The very real fact about Black superheroes is white guys have always told the Black superhero story, and unless a white boy does, it doesn't count, or doesn't count as much. For my money, Mark Waid can tell any story he wants — in my book, he's that good.
Yes, a Black writer adds certain legitimacy to a Black story. That's not to say white writers can't write a good Black story, of course they can. The example I hear most often about white guys in working in Black areas is Eminem.
Eminem is one of the greatest rappers ever. To some he is the greatest. To dismiss him because he's white is injudicious at best, stupid as shit at worse. To dismiss Mark because he's white is just as silly. Few writers are on his level in comics and that's just the truth.
On, the other hand, Eminem doesn't rap about being Black.
Regardless of your feeling towards who should write what, the debate shouldn't be whether or not Mark or any other writer is capable of telling that story.
No, the debate should be why is diversity not a topic until the white boys say it is?
Google any combination featuring the keywords Black and Superhero — with very few exceptions, the vast (as in massive) majority were created by white creators.
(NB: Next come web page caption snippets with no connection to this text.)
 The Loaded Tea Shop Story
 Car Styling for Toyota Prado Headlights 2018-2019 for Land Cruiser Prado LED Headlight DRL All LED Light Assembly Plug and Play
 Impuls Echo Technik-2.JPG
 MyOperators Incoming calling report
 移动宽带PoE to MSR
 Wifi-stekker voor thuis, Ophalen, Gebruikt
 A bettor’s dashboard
When there were no creators of color, I will be the first to tell just how good it felt to see The Black Panther, Luke Cage, and The Falcon. Shit, as a kid all I cared about was seeing Black characters in my beloved comics.
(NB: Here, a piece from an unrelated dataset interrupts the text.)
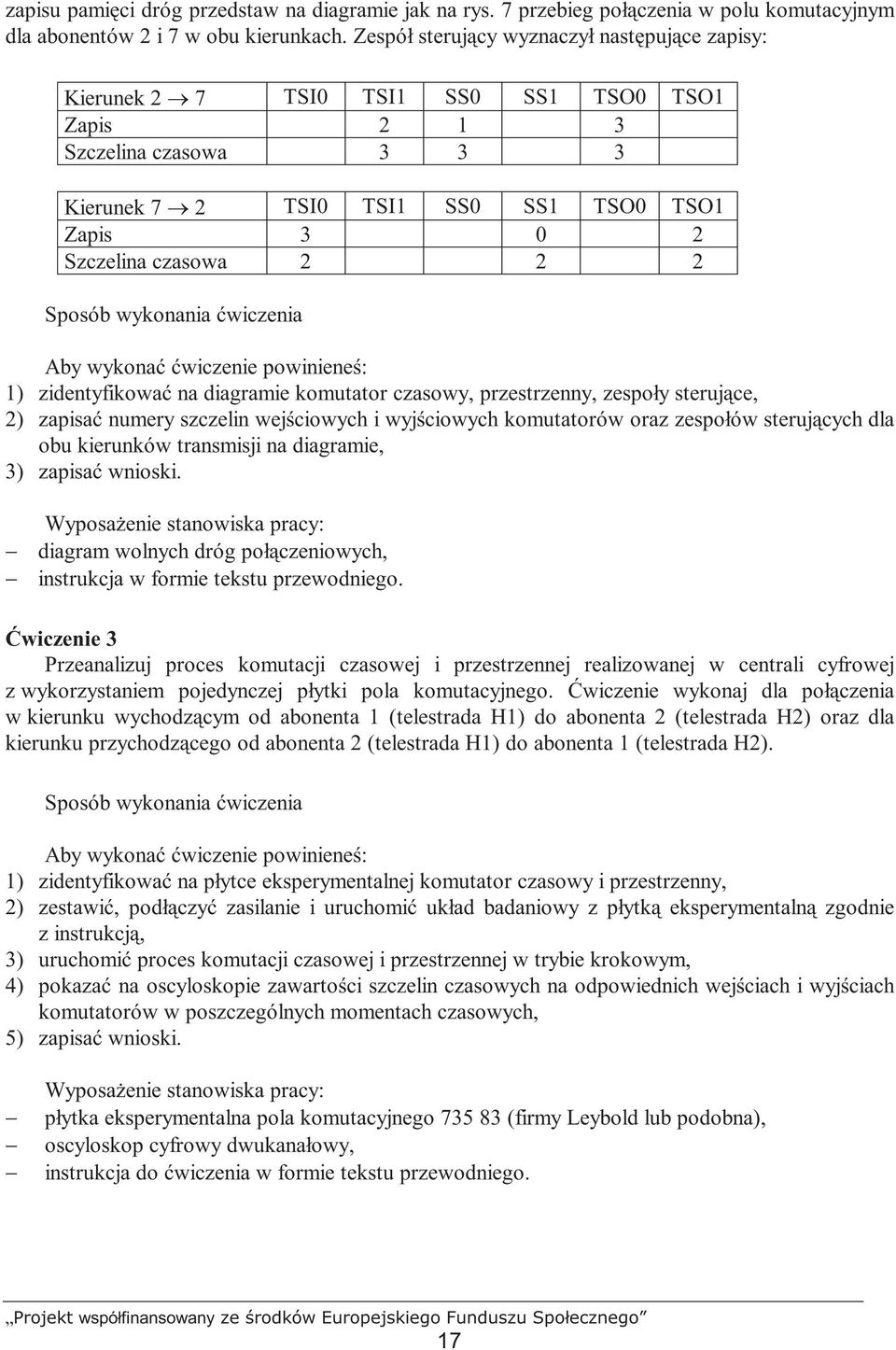 ćwiczenia Aby wykonać ćwiczenie powinieneś: ) zidentyfikować na diagramie komutator czasowy, przestrzenny, zespoły sterujące, ) zapisać numery szczelin wejściowych i wyjściowych komutatorów oraz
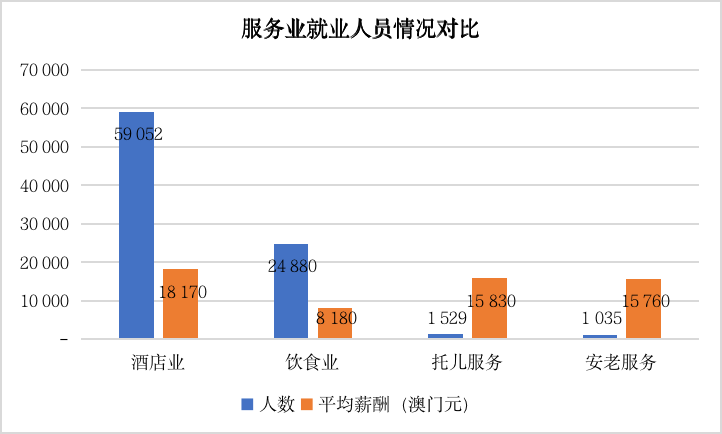 IIGF观点 | 粤港澳大湾区背景下澳门绿色康养产业的发展背景与展望(图10)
Then the battle was just to see people of color in comics, as characters and creators.
Now, African Americans as well as Latino, Asian and other ethnic groups are represented in both.
The representation is small, but it's there.
What's not there is the acceptance of these characters and creators as A-listers. When DC or Marvel creates a Black superhero it's embracing diversity, so when David Walker writes for DC's Cyborg, that's really diversity because David Walker is a hotshot, talented Black writer.
David is among many writers and artists of color who have been bringing diversity to comics for many, many years. He was a hotshot talented writer well before he was writing for DC. He was also Black before working at DC, in case anyone asks.
DC and Marvel will exploit diversity as the current fashion until such time it decides not to. Then, back in the closet it will go to make way for next season's hot designer and trendy look.
Nothing wrong with that.
It's my hope this current wave becomes so huge that Marvel and DC stay in it. Failing that, when they get out remember Marvel and DC don't all of a sudden bring diversity to comics, this I know.
I also know diversity in comics was here before this and will be here after they leave. All you have to do is Google, independent black comic books, and you can do that right now.
Comics are a business, and right now diversity is good for business. Conversely, for creators of color, diversity is not the current fashion or latest look. As much as the media would have you believe it, Marvel and DC are not the end all and be all of diversity.
How can they be? They're not diverse enough.